The best way to learn how to appreciate texture is by feeling different types of material, for example, silk and hessian.
In the mouth, textures can be compared by swallowing carrot grated with a course grater and then with a fine grater. It is the same carrot which produces two completely different taste sensations.
Vivaciousness owes itself to the wine’s natural acidity. Alcoholic fermentation followed by malo-lactic fermentation work subtle transformations that guarantee a racy vivacity, whilst shaping the consistency and sharpening the texture of the wine.
This characteristic literally livens up the wine in the mouth. It also brings out the aromatic freshness of any great Burgundian climate.
It is the winegrower’s ability to harvest at the optimum level of physiological maturity and not for convenience, which is the key.
This obviously involves strict monitoring of yields as well as a ruthless sorting of the grapes to strike a perfect balance.
A great “vin de terroir” has length in the mouth. It is not enough for a wine to be tannic and aromatic with a strong taste of wood, as is the case of some “manufactured” wines. The wine’s complexity must also be brought to the fore by its long presence in the mouth. The longer the wine, the longer the aromatic persistency.
One talks of final taste in the mouth, of sap, particularly with white wines. Then we judge the intensity of the wine in the mouth before it fades. However, it is the analysis of this aromatic persistency which is most appreciated by the amateur!
All the 1er and Grands Crus have great aromatic persistency.
Aptitude for ageing
A great “vin de terroir” is made to last and its complexity only falters really after a long ageing process, which varies according to the quality of the vintages.

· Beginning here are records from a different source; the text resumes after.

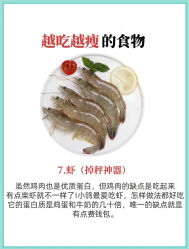-Fundi张玉珊修身堂·indiba·BTL科技瘦身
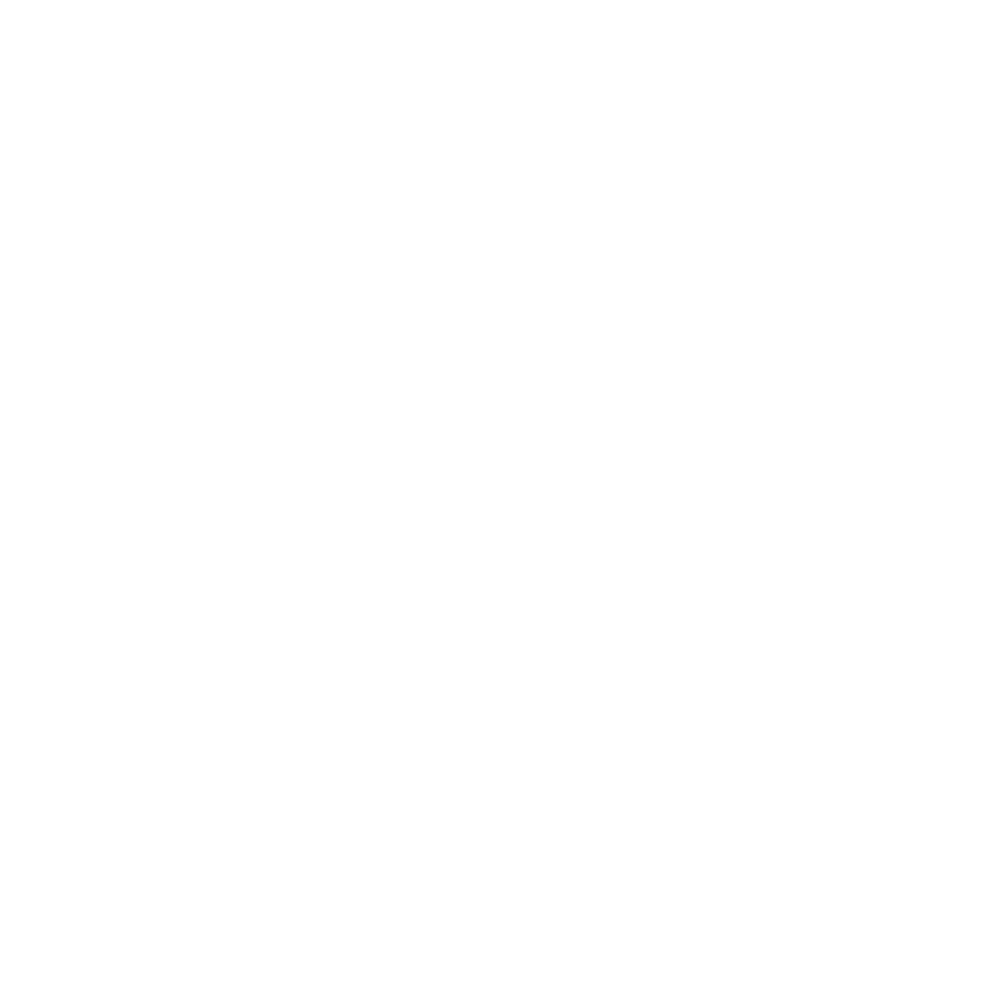 Daisy Hill Farm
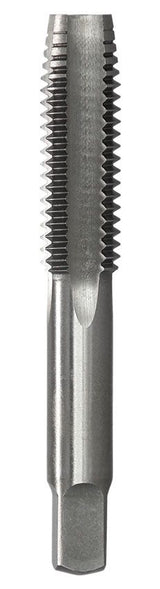 Bordo BSWIntermediate Chrome Tap — official supplier product image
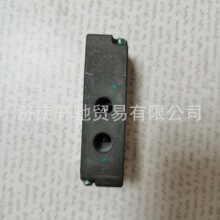 ������������������ ��ʿ��12JS160T1703052˫H��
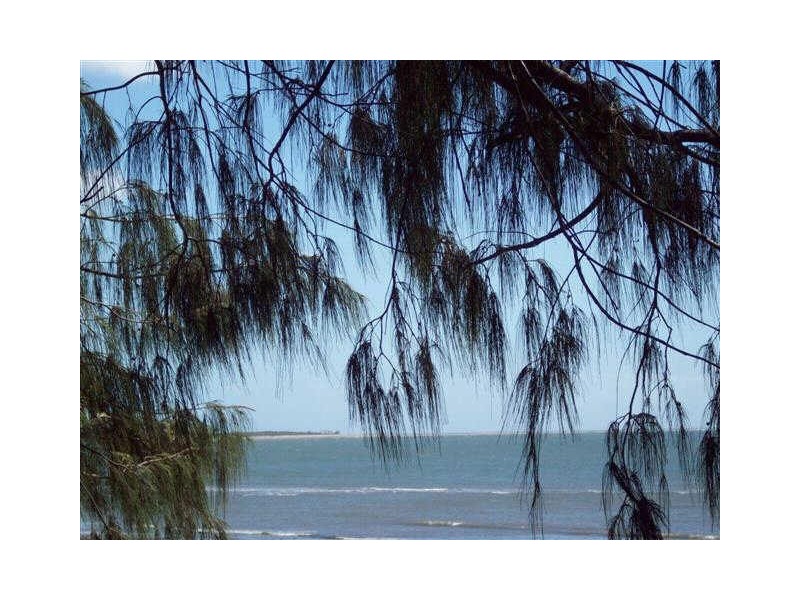 Lot 22 Queensbay Estate, Bowen QLD 4805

Exceptional vintages enable wine to keep for a century or longer. In good vintages, life expectancy is less great. In average vintages, it is worth tasting the wines within the first 10 years.
It goes without saying that the most prestigious Grands Crus and 1er Crus have the greatest potential for ageing.
* “Vin de terroir” – Wine produced from grapes originating from a particular vineyard, from local soil
It is the terroir that gives a wine its typicty
It is the terroir that imprints the wine with its mark, its typicity. It is the soul of a wine. Even though geological science, combine with biochemistry has proposed several undeniable assertions, luckily, a large part still remains a mystery.
Research aimed at explaining the influence of the subsoil on the sensory qualities of wine has enabled the formulation of several hypotheses on the role of certain chemical elements; manganese, magnesium and, in particular, potassium.
It is thought that calcium and active limestone are essential factors. It has been proposed that the weight, roundness and fullness of a wine depends on limestone, that clay favours the extraordinary and paradoxical alliance of strength and softness, that silica imparts power and strength and that iron develops the intensity of colour…
Contrary to any given ideas, goat cheese has never been the red wines’ ideal companion. Its sour milk goes really well with dry white wine.
The ideal serving temperature no longer has anything to do with the word “room” in an age of well heated homes. For reds, a temperature of 15°C seems ideal. If your dining room is hotter than 20°C, serve the wine slightly cool as the temperature rises very quickly in the glass. For white wines, 10-12°C seems perfect. Do not hesitate to put your bottle in the fridge for a few minutes if the temperature of your cellar is a bit higher.
Of course, the glass in which the wine is served is very important, the golden rule is to always use a glass with a stem so that it may be held without heating up the wine. An elegant shape is always welcome. Be careful of smells from the cupboard, cardboard boxes and dish towels…
It is preferable to choose the wine in advance so that the bottle may remain standing up in your cellar for a few hours, any sediment will settle on its own. It is rarely necessary to decant our wines, except for those vintages which you absolutely want to open before they have reach their prime.